The US on September 14 threw Ukraine war sanctions at more than 150 businesses and individuals across Russia, Turkey, the United Arab Emirates, Georgia and Finland. The move aims to stamp out evasions of trade restrictions that enable the Kremlin to access technology, money and financial channels that crucially boost its war effort.
The sanctions package was billed as one of the biggest yet introduced by the US State and Treasury departments. There was a notable targeting of Nato member Turkey. Sanctions were imposed on five Turkish companies and a Turkish national. American sanctions enforcement officials are clearly less than impressed with Turkey’s response so far to Washington’s appeals for compliance with measures aimed at disabling parts of the Kremlin’s war machine.
The Associated Press reported that the package was partly aimed at hobbling the development of Russia’s energy sector and future sources of cash. It includes steps that could impact on Moscow’s Arctic natural gas projects, including Artic LNG 2, as well as on mining and factories producing and repairing Russian weapons.
“The purpose of the action is to restrict Russia’s defence production capacity and to reduce the liquidity it has to pay for its war,” James O’Brien, head of the State Department’s Office of Sanctions Coordination, told the news agency.
Nevertheless, analysts will remain sceptical that the US can achieve such objectives. Many informed observers have concluded that Russia still has significant financial reserves available and that it’s all too possible for Russia to import technologies it requires in tiny batches to ensure defence production.
“Russia could probably fill a large suitcase with enough electronic components to last for cruise missile production for a year,” Richard Connolly, a specialist on Russia’s defence sector and economy at the risk analysis firm Oxford Analytica, told the AP. Russia also gets a lot of electronic components from Belarus, “so even if we whack all the moles, Belarus will still provide the equipment for as long as [President Alexander] Lukashenko is in power,” Connolly added.
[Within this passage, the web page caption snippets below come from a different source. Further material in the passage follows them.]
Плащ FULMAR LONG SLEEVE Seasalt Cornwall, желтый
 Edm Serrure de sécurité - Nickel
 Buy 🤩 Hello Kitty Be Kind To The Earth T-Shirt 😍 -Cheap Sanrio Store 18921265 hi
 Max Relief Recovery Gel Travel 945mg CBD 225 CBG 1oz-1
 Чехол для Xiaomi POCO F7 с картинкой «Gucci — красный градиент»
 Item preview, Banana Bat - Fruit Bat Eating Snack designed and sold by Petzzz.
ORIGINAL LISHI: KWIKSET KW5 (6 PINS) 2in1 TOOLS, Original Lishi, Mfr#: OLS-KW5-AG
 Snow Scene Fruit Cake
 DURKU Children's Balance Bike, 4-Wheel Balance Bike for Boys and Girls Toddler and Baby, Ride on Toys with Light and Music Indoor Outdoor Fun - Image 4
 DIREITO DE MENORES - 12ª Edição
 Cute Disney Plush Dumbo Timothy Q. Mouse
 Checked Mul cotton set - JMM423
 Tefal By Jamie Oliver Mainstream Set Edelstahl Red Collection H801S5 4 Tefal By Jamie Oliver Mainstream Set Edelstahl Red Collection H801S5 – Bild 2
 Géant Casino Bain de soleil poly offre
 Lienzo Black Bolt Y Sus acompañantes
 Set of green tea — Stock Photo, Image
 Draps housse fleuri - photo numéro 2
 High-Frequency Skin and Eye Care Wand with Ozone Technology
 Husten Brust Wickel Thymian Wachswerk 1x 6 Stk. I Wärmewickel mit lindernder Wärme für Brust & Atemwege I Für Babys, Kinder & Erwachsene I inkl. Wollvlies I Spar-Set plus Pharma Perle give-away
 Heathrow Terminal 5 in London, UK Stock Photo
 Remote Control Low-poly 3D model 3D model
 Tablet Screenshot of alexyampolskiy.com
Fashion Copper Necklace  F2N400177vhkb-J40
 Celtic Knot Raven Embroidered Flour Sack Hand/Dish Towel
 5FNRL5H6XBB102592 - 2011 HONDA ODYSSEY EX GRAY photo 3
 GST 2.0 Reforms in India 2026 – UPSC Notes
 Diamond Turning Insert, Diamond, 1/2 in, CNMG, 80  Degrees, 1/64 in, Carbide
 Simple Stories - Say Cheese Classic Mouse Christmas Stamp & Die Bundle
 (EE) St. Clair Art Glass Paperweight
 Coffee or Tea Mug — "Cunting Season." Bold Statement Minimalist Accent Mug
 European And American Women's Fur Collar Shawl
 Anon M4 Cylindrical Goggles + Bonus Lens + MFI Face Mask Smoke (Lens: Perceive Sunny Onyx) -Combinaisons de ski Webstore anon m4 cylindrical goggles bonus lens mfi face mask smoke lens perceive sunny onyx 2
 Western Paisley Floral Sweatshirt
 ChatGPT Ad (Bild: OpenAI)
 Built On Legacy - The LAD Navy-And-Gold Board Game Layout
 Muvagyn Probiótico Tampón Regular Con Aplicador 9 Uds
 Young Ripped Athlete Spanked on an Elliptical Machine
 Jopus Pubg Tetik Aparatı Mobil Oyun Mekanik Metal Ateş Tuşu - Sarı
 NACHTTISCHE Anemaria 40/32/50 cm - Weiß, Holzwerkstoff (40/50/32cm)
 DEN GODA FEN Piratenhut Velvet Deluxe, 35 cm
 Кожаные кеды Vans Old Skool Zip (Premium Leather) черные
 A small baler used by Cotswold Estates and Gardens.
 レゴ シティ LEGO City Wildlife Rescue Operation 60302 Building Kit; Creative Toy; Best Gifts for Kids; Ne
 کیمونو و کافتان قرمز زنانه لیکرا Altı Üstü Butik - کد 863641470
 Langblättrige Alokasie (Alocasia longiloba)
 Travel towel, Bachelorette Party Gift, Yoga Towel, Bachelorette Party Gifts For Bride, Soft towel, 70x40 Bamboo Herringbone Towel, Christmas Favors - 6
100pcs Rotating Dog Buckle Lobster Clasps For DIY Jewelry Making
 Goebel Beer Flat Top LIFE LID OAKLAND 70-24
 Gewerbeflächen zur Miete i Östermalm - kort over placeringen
“It [Russia] will have enough money under any kind of reasonable scenario,” Chris Weafer, CEO and Russian economy analyst at the consulting firm Macro-Advisory, said in a recent online discussion held by bne IntelliNews, looking at Vladimir Putin’s potential for funding the war.
The latest package of US designations were first reported by Reuters. They in part target shipping and trade companies that have allegedly assisted in repairing sanctioned vessels tied to Russia's defence ministry and have helped in the transfer of "dual-use goods", namely goods that can be ordered for civilian purposes but can then be switched for use by the defence industry.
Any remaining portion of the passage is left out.